[Stored dataset items]
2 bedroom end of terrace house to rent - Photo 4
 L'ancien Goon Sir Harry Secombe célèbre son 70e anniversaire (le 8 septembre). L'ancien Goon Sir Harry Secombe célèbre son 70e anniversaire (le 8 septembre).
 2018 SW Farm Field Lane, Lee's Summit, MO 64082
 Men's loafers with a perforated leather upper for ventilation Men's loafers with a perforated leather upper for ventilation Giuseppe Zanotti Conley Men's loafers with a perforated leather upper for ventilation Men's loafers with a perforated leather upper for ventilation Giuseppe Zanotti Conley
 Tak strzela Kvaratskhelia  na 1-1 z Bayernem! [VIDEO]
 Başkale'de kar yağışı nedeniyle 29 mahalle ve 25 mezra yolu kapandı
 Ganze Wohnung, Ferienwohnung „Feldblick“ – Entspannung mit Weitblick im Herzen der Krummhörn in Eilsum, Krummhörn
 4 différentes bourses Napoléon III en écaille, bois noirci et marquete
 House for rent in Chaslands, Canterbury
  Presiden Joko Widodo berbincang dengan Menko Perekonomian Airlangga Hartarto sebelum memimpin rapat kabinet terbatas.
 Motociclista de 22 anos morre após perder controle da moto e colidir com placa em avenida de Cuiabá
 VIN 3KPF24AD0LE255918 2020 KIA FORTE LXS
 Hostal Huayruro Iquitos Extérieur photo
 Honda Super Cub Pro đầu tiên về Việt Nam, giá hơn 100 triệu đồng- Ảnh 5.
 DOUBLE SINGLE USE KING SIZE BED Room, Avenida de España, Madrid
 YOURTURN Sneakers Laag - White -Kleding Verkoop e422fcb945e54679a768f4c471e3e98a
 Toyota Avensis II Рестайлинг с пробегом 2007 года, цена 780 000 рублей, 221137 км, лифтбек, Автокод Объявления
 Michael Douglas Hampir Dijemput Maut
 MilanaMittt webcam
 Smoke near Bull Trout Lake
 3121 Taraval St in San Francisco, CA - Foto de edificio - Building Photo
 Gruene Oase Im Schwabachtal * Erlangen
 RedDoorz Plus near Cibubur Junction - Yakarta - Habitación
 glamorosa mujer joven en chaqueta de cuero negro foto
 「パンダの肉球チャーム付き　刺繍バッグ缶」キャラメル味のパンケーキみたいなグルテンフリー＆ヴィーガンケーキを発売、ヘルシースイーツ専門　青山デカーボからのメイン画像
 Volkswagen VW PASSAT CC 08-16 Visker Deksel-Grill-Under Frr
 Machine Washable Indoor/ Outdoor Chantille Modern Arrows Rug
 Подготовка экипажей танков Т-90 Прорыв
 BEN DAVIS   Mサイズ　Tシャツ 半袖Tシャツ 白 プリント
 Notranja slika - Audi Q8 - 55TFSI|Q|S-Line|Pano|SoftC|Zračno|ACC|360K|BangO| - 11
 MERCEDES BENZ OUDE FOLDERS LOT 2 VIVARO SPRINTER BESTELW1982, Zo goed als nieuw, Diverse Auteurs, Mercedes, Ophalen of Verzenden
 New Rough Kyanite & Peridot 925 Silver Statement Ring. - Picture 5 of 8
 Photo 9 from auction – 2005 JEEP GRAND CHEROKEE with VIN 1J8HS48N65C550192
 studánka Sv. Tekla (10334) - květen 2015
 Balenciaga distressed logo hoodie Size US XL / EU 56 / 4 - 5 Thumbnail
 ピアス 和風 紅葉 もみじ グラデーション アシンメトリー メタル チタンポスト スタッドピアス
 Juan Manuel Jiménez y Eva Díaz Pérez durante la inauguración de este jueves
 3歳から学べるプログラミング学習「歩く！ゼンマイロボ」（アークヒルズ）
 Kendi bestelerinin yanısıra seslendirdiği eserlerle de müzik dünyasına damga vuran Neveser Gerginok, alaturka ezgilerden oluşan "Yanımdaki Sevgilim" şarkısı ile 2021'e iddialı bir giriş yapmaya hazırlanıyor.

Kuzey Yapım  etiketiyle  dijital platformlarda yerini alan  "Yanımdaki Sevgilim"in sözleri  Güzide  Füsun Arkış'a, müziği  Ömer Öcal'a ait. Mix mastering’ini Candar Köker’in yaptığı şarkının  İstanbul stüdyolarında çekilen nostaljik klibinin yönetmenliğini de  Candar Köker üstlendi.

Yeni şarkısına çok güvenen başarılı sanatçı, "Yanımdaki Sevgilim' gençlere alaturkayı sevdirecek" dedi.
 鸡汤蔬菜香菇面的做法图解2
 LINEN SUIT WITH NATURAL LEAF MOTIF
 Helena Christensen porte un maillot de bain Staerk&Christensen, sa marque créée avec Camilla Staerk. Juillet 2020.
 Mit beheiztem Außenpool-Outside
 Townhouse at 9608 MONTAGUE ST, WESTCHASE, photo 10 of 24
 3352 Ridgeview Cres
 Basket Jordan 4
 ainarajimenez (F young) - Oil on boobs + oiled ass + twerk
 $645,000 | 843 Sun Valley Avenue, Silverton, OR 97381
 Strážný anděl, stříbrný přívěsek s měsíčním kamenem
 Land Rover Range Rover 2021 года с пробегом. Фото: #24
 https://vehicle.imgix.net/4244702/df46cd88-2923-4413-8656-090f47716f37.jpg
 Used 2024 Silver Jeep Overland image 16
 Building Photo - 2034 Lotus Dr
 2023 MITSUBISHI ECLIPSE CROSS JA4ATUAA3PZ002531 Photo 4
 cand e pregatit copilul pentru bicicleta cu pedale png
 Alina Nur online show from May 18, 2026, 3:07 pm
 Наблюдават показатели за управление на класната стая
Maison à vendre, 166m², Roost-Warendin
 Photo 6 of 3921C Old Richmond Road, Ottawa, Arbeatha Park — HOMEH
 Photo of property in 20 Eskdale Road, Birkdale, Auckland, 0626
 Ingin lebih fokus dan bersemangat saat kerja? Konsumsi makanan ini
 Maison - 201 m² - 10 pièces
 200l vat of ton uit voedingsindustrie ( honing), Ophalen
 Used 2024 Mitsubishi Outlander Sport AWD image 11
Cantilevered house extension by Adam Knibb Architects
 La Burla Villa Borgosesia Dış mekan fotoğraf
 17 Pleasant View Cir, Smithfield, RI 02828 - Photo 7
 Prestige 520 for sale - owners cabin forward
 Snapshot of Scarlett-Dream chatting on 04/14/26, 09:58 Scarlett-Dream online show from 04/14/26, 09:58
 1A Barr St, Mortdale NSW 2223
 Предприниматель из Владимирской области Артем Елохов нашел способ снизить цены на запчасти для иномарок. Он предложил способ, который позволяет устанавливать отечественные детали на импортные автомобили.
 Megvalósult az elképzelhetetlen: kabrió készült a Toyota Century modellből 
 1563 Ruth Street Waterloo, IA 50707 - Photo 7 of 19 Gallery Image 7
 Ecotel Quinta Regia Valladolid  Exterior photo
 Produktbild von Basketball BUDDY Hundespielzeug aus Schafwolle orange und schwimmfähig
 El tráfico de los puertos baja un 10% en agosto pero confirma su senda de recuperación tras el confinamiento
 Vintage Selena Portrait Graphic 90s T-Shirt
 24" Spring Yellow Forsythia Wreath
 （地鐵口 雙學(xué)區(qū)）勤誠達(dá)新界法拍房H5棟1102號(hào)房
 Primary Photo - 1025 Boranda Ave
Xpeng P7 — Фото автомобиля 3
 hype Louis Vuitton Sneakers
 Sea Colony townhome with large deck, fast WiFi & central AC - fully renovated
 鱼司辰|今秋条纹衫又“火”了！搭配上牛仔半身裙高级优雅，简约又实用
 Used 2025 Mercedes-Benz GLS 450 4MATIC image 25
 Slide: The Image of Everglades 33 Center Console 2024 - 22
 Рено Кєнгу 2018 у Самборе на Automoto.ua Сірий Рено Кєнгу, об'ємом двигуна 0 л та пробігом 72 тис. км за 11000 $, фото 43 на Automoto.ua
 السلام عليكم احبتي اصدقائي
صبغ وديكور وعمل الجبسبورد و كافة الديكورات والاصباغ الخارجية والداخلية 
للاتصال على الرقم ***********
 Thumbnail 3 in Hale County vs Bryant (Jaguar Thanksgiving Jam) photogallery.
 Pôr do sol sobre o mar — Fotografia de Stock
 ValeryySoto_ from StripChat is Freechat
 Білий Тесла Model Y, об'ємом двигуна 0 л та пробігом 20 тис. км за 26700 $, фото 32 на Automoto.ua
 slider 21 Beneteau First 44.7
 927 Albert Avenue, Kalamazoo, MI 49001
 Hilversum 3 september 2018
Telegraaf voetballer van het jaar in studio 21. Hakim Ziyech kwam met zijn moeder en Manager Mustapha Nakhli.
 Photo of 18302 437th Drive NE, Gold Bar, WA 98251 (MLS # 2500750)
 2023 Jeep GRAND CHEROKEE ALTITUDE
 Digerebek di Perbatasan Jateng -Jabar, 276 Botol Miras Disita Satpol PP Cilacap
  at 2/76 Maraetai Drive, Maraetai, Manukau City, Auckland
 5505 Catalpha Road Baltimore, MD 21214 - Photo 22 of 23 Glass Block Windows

Work instruction -> Give back, exactly as written, the stretch from the line with "Strážný anděl, stříbrný" through the line with "Photo of property", and no other lines from the records above.

The completed task ->
 Strážný anděl, stříbrný přívěsek s měsíčním kamenem
 Land Rover Range Rover 2021 года с пробегом. Фото: #24
 https://vehicle.imgix.net/4244702/df46cd88-2923-4413-8656-090f47716f37.jpg
 Used 2024 Silver Jeep Overland image 16
 Building Photo - 2034 Lotus Dr
 2023 MITSUBISHI ECLIPSE CROSS JA4ATUAA3PZ002531 Photo 4
 cand e pregatit copilul pentru bicicleta cu pedale png
 Alina Nur online show from May 18, 2026, 3:07 pm
 Наблюдават показатели за управление на класната стая
Maison à vendre, 166m², Roost-Warendin
 Photo 6 of 3921C Old Richmond Road, Ottawa, Arbeatha Park — HOMEH
 Photo of property in 20 Eskdale Road, Birkdale, Auckland, 0626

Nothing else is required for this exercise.